*ACTIVITY*.
Please give the lines below again exactly as they stand, from the one that contains "7 Downie St. Sport Jacket - Oricle/Blue" up to and including the one that contains "T-shirt Hommage Vintage", leaving all pictures out.
Start of TASK INPUTS
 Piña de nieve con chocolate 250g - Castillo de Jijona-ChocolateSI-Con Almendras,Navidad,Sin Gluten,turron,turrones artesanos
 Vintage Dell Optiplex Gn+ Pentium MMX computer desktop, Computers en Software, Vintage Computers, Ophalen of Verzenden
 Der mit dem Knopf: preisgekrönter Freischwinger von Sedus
End of TASK INPUTS
Start of TASK INPUTS
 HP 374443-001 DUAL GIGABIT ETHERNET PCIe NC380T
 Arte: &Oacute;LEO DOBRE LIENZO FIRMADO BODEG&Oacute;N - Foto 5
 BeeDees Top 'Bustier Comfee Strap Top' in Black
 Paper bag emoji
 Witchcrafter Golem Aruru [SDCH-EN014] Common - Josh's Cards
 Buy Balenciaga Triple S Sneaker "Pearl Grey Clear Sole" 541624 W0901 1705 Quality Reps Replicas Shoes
End of TASK INPUTS
Start of TASK INPUTS
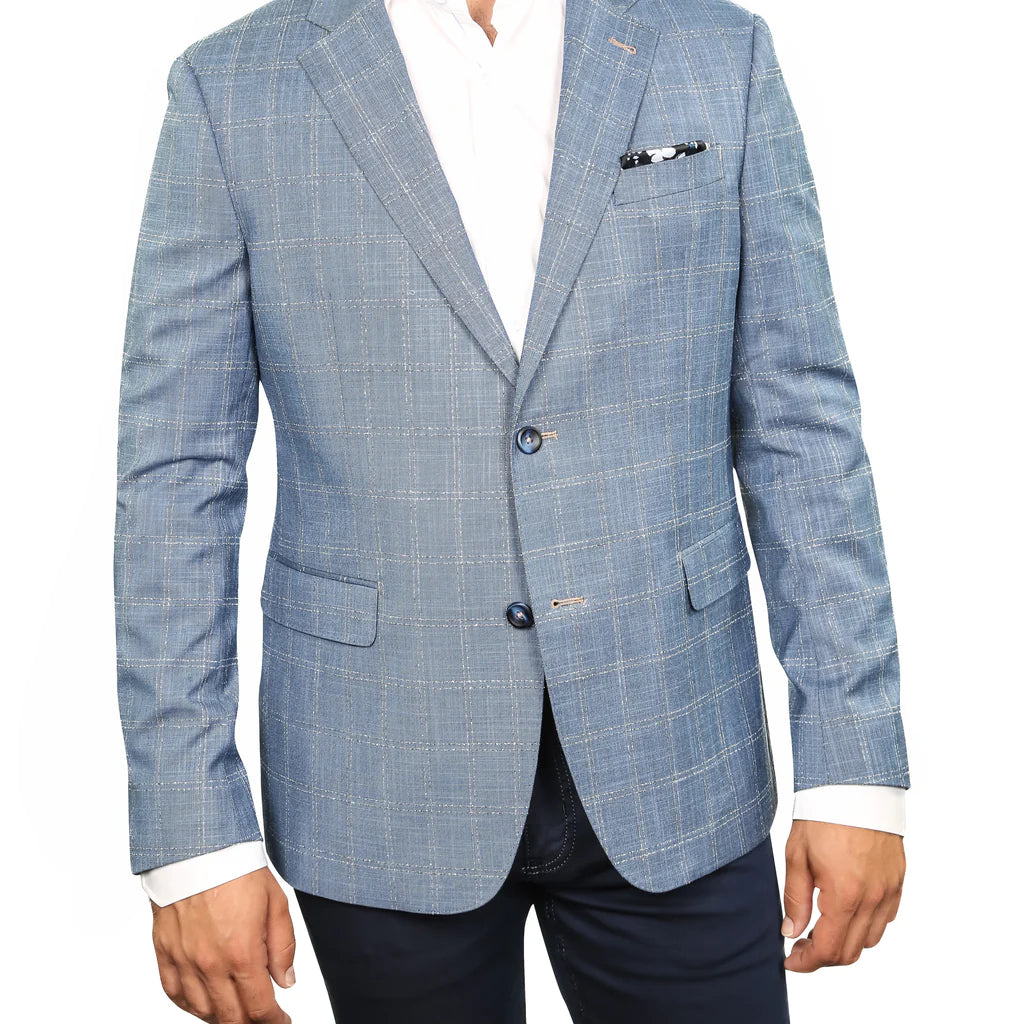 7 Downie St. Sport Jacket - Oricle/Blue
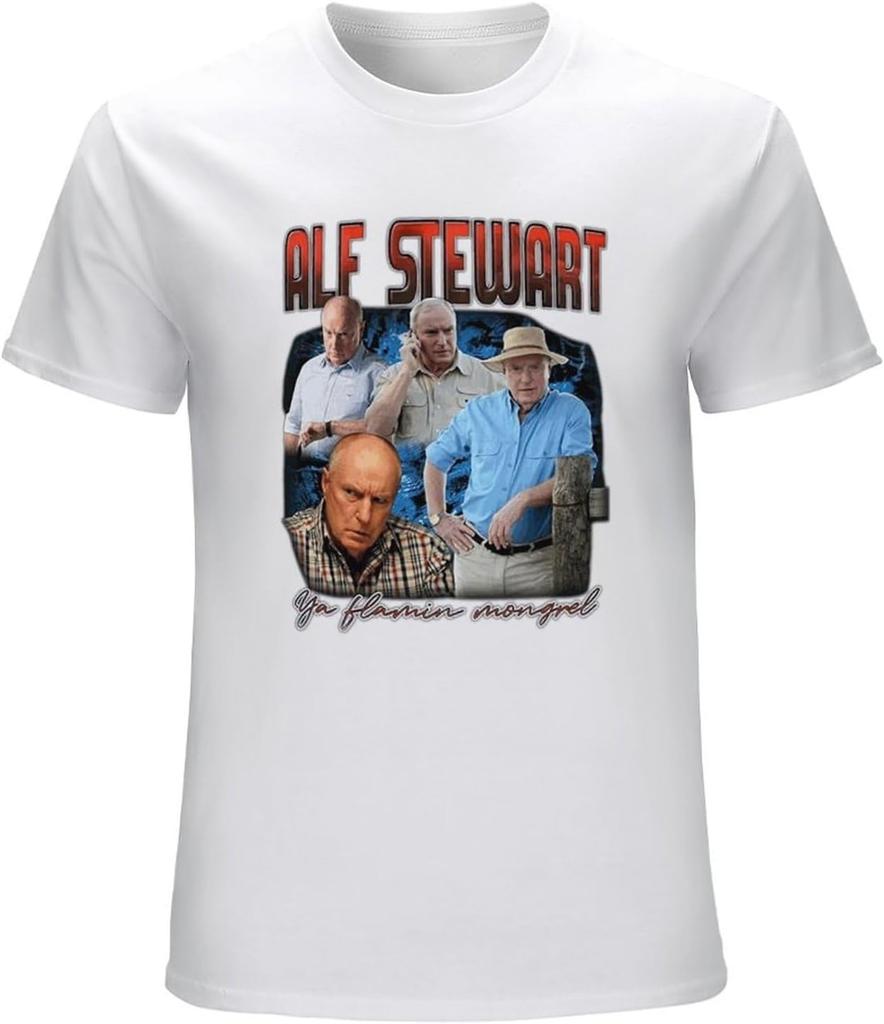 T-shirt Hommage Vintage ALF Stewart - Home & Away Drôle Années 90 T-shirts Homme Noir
End of TASK INPUTS
*YOUR SOLUTION*.
 7 Downie St. Sport Jacket - Oricle/Blue
 T-shirt Hommage Vintage ALF Stewart - Home & Away Drôle Années 90 T-shirts Homme Noir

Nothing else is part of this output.